▶ _TASK DESCRIPTION_: Up to and including the line with "Volkswagen E-Transporter 218Ps", restate every line of the records below word for word, from the first line on, leaving out the pictures.

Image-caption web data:
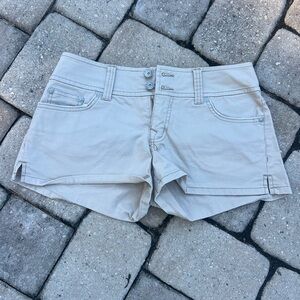 GLO Jeans Women's Beige Cargo Shorts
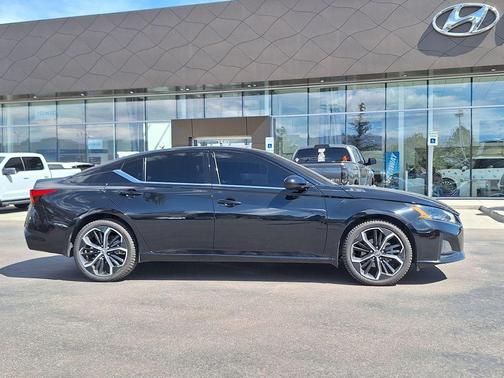 2024 Nissan Altima SR Intelligent AWD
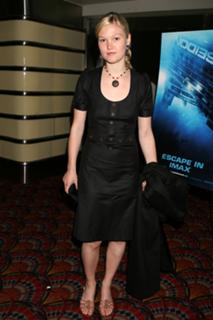 Julia Stiles feet photo thumbnail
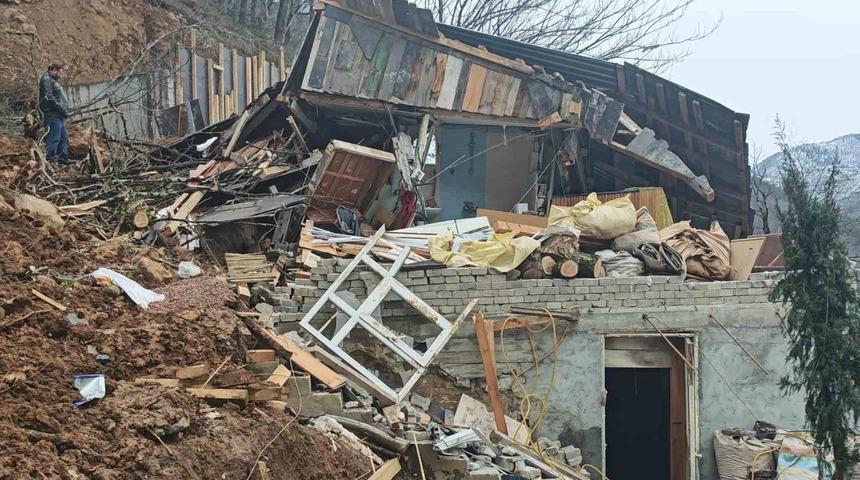 Bor&ccedil;ka&rsquo;da kar sonrası toprak kayması yaşandı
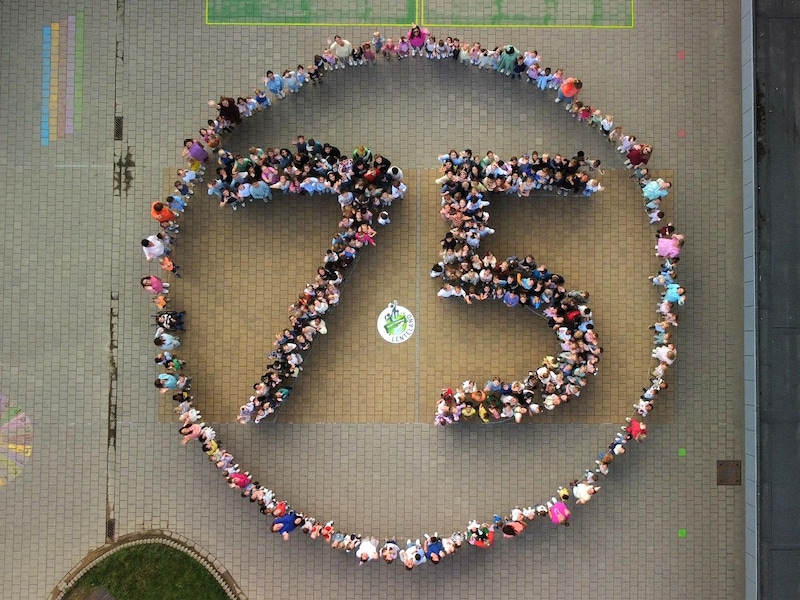 Leerlingen Lenteland vormen reusachtige ‘75’ voor diamanten jubileum van de school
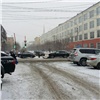 В центре Красноярска Toyota врезалась в светофор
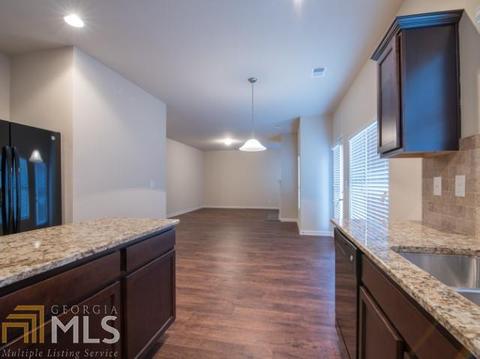 40 Silver Willow Ct, Covington, GA 30016 photo 5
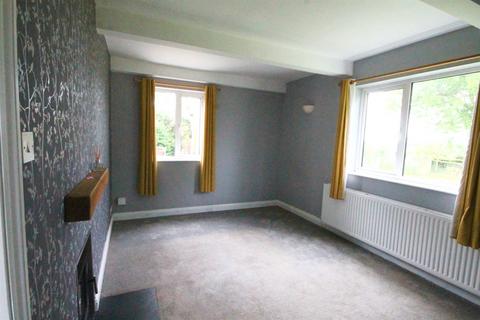 2 bedroom detached house to rent, Mays Farm
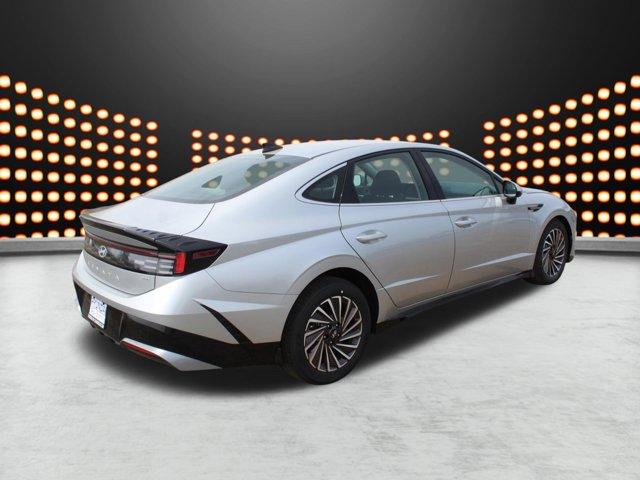 new 2024 Hyundai Sonata Hybrid car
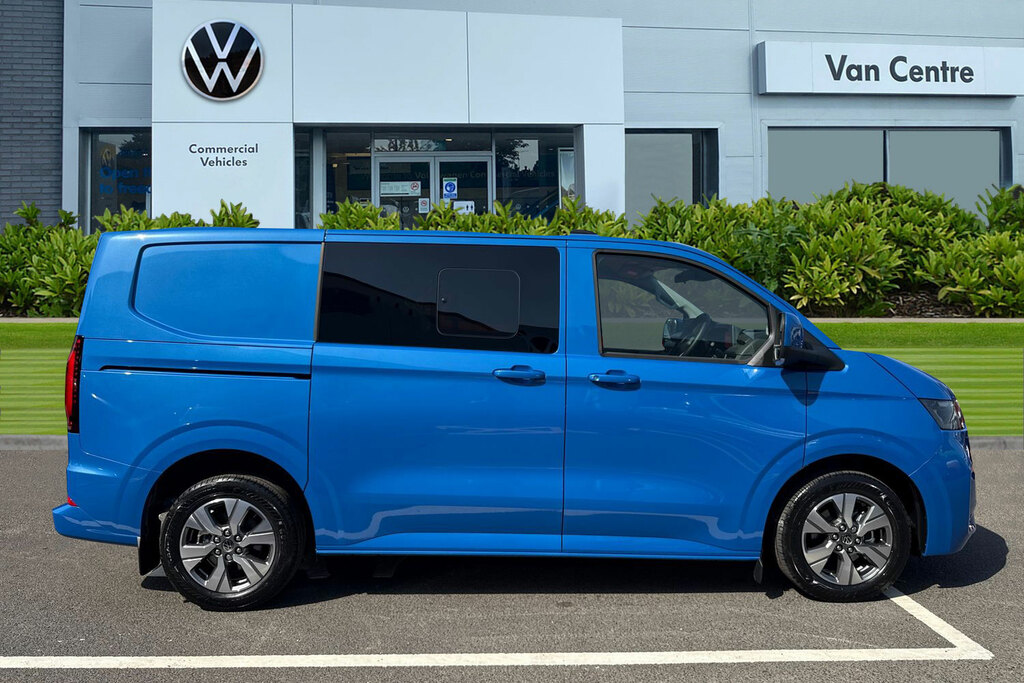 Volkswagen E-Transporter 218Ps 65Kwh Commerce Pro Kombi Van Blue #3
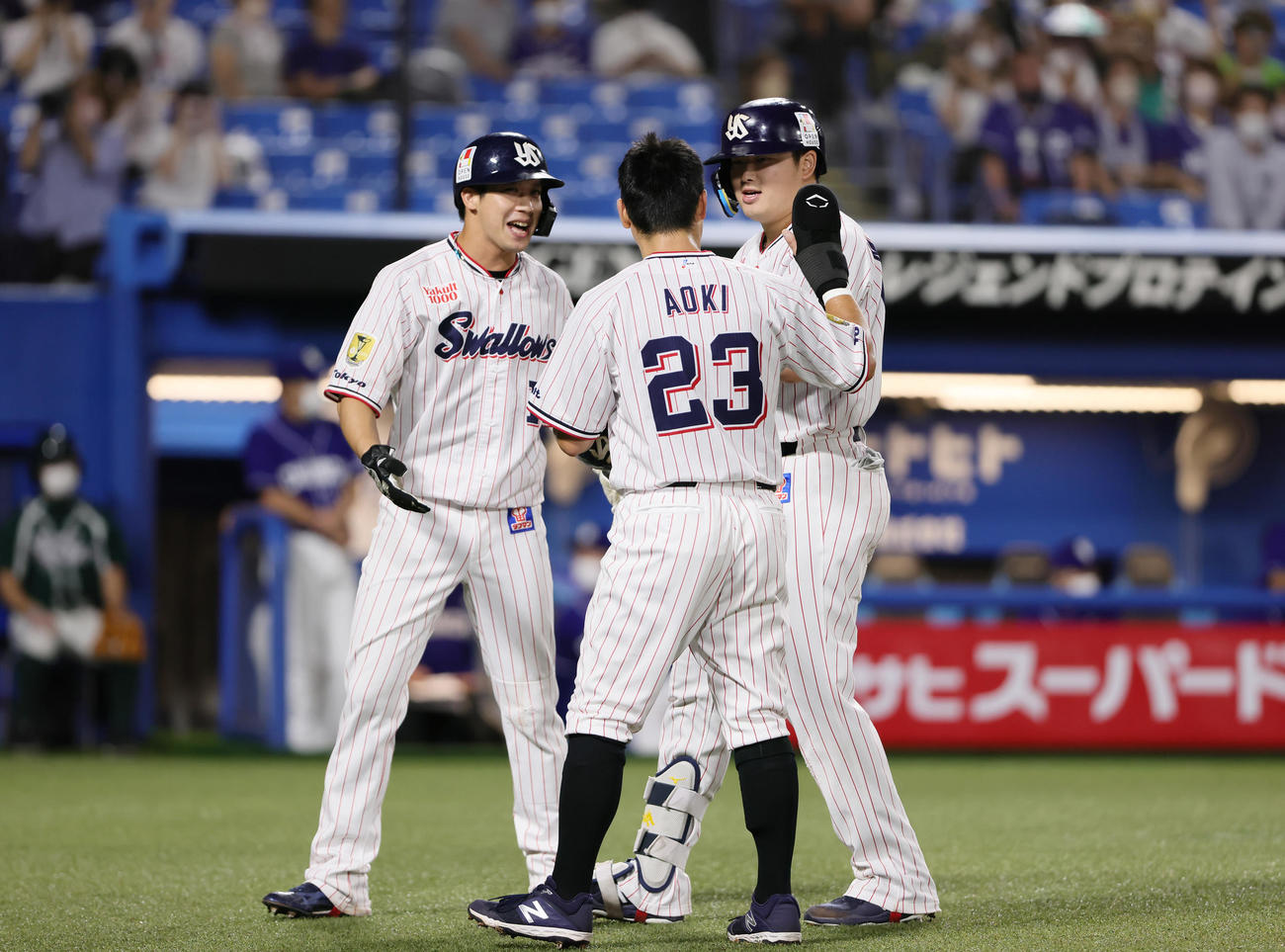 ヤクルト対中日　3回裏ヤクルト1死一、三塁、村上（右）はシーズン50号となる右越え3点本塁打を放ち、左から山田、青木とタッチを交わす（撮影・足立雅史）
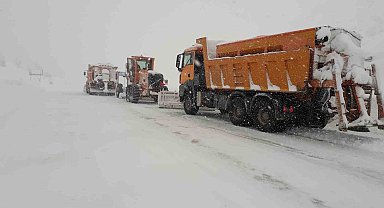 Antalya'da bin 825 rakımlı Alacabel'de kar yağışı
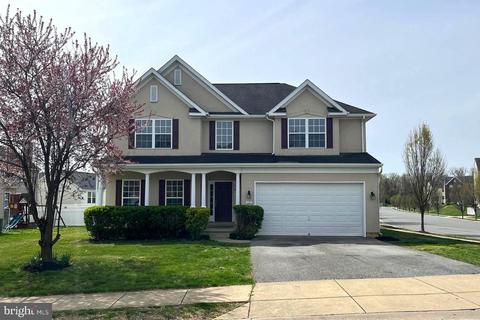 12 Glenbrook Rd, Ranson, WV 25438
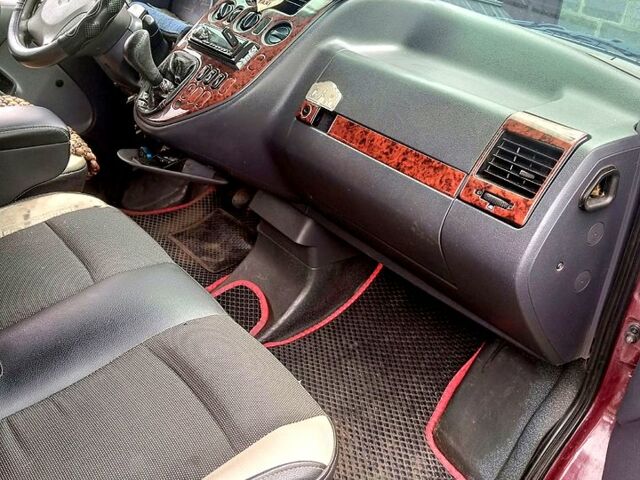 Красный Мерседес Вито, объемом двигателя 2.2 л и пробегом 200 тыс. км за 5200 $, фото 1 на Automoto.ua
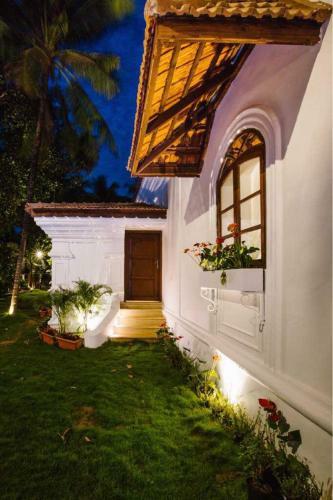 4 Bhk Luxury Villa With Private Swimming Pool
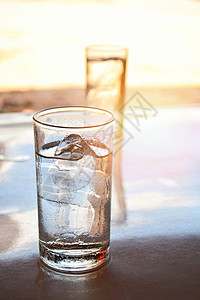 茶桌上有冰的玻璃水杯图片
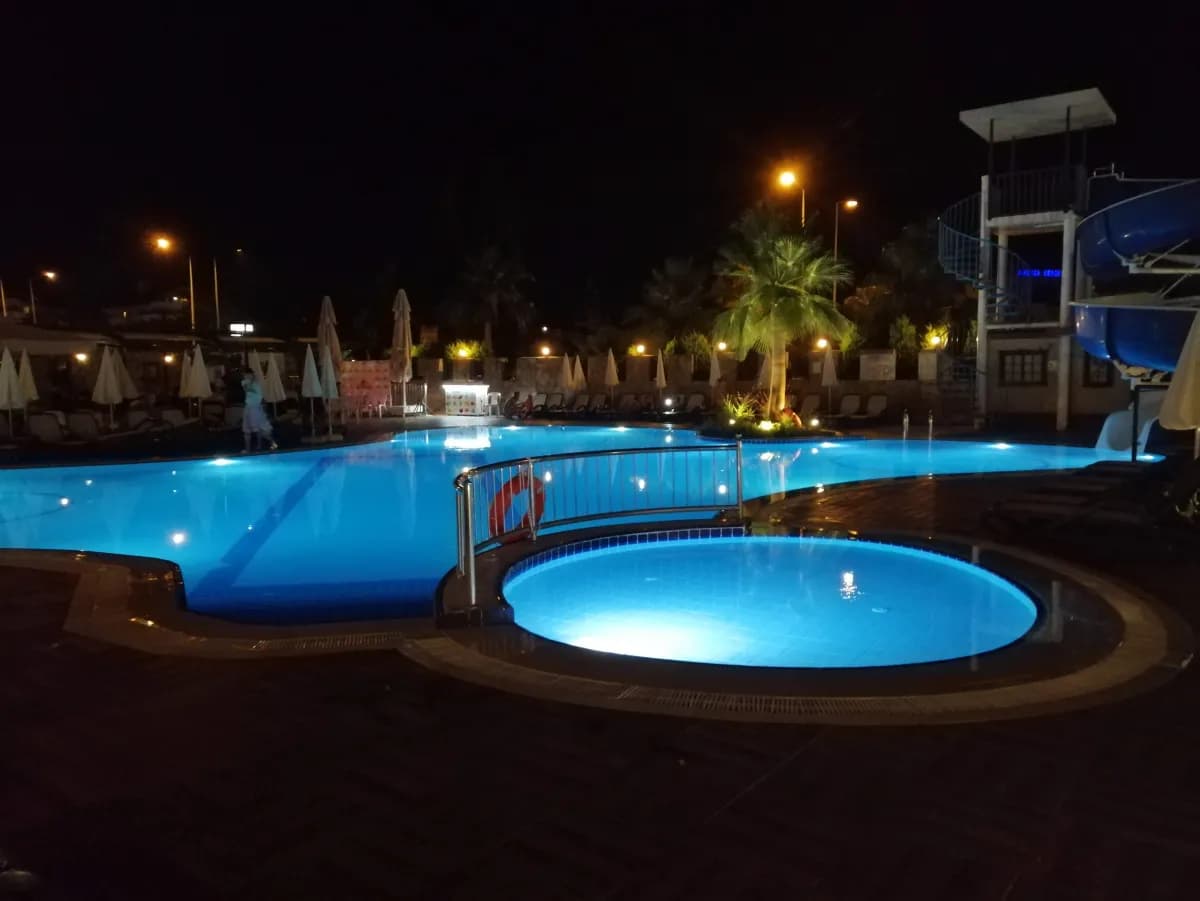 Lioness Hotel - photo 7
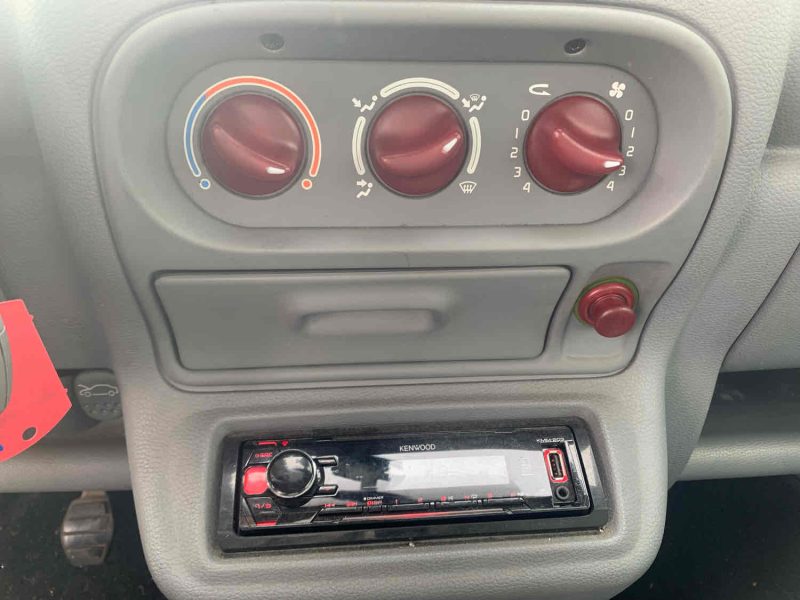 RENAULT TWINGO I 2003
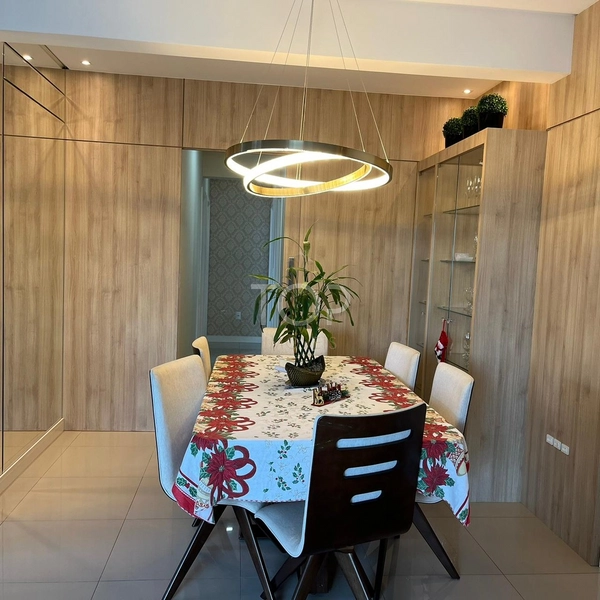 EXCELENTE APARTAMENTO EM MEIA PRAIA/SC: 3ª foto da galeria de imagens do imóvel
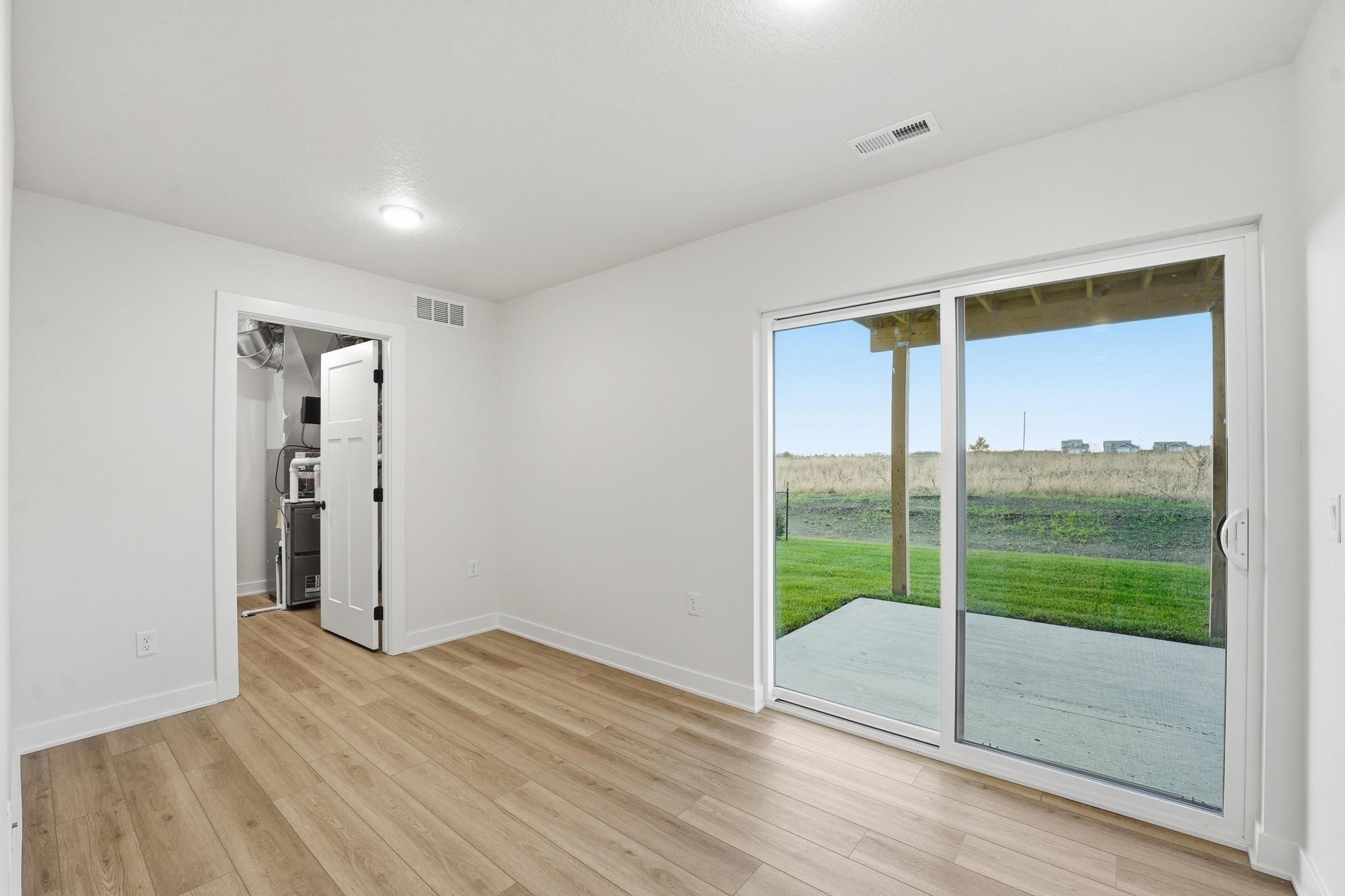 1376 Meadow Rose Place Property Photo 3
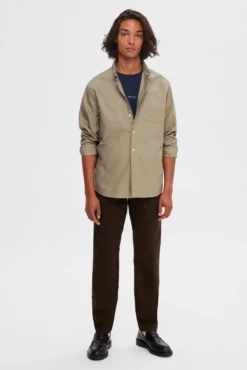 Camisa oxford Regular Fit con bolsillo 100% algodón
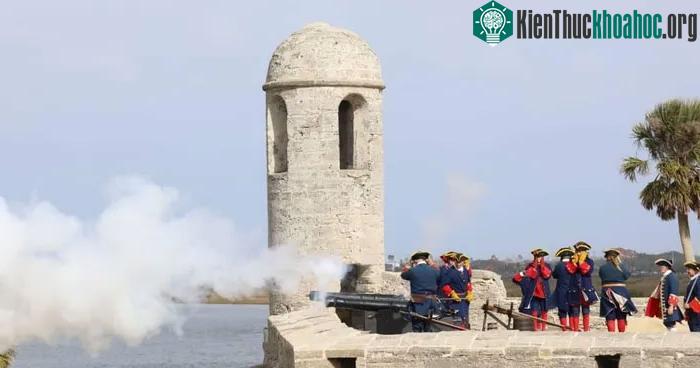 Castillo de San Marcos - Pháo đài "nuốt đạn đại bác" đặc biệt ở Mỹ ảnh 8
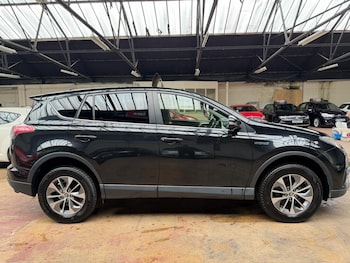 Used Toyota RAV4 2017 for sale - 76092307: Photo 3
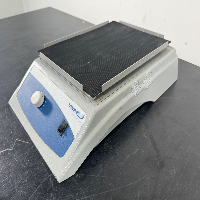 VWR Standard Analog Shaker image 0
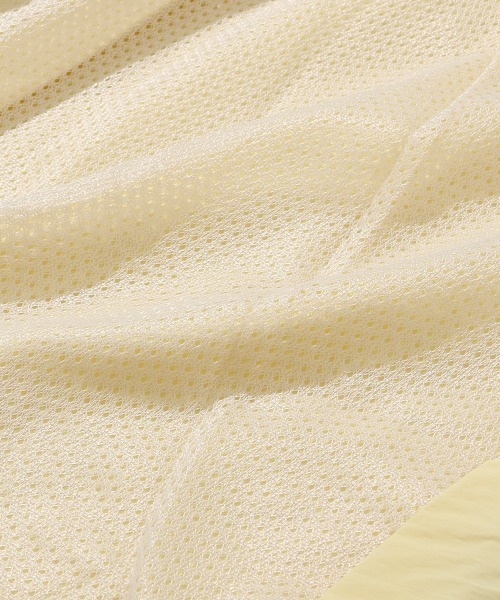 KRIFF MAYER Lady's Collection(クリフメイヤーレディースコレクション)の「【花粉防止/静電気防止】撥水ドロップ フードジャケット / マウンテンパーカー(防汚加工・Aライン)(マウンテンパーカー・レディース・カラフル/その他5/ネイビー/ベージュ/クリーム・LARGE/MEDIUM)」の22枚目の写真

▶ _RESULT OF THIS TASK_:
 GLO Jeans Women's Beige Cargo Shorts
 2024 Nissan Altima SR Intelligent AWD
 Julia Stiles feet photo thumbnail
 Bor&ccedil;ka&rsquo;da kar sonrası toprak kayması yaşandı
 Leerlingen Lenteland vormen reusachtige ‘75’ voor diamanten jubileum van de school
 В центре Красноярска Toyota врезалась в светофор
 40 Silver Willow Ct, Covington, GA 30016 photo 5
 2 bedroom detached house to rent, Mays Farm
 new 2024 Hyundai Sonata Hybrid car
 Volkswagen E-Transporter 218Ps 65Kwh Commerce Pro Kombi Van Blue #3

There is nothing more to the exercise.